I cannot import any web pages

bmsingh · November 10, 2019, 8:15pm

Is anyone else having issues importing web pages to the research folder? I have tried to import all day, but every time I try it says “web page could not be imported.” I can understand that some will not work but I have not had a single one work all day and this is getting really frustrating. I can copy the link into a document, and I can add the web page as “webpage complete” for the most part, but I really want it to import as “PDF document via webkit”.

DavidR · November 11, 2019, 5:09pm

Hi, and welcome to the forums. Alas, Scrivener v. 1.x has not been able to import Web pages successfully for quite awhile. It has to do, I think, with how the formatting of Web pages has advanced and the code underlying Scrivener has … well, not. The good news is that this should be working in the new v. 3 when it comes out. It may already be working in the beta version, if you want to try that. (A number of people already seem to be using it productively.) The only other alternative right now is to save the pages as PDF from your browser and import that to Scrivener.

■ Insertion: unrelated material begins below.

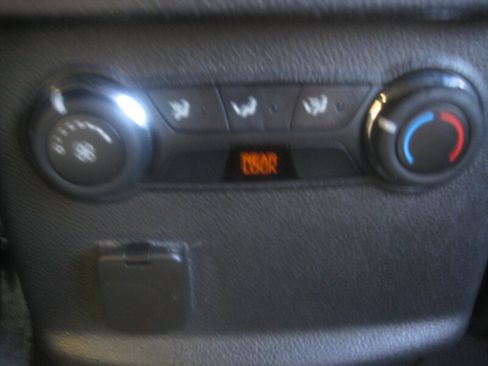 Used 2015 Ford Explorer XLT image 27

JJSlote · November 12, 2019, 4:37am

I must respectfully disagree. I’m confident we won’t see a robust direct web page import in Scrivener 3, and I don’t consider that a shortcoming. For Scrivener to process a modern web page with its scripts, cookies, ads, adbugs and endless scrolls, it would have to become a browser in its own right, and that is simply not its remit. I think users will obtain better results by deploying their browsers to save research pages to local files, and dragging those into Scrivener. The MHTML format is preferable to the PDF because the text will zoom and wrap to fit in Scrivener’s editor pane.

Microsoft’s Chromium-based Edge browser has MHTML as an option under Save As. For Chrome, the capability is buried; try the instructions at the site below to enable:

winaero.com/blog/enable-save-as … le-chrome/

Important note: Use file extension .MHT, not the default .MHTML for your single page web file. Scrivener will not recognize it otherwise. Import the MHT file by dragging it into your binder, or by File > Import > Files.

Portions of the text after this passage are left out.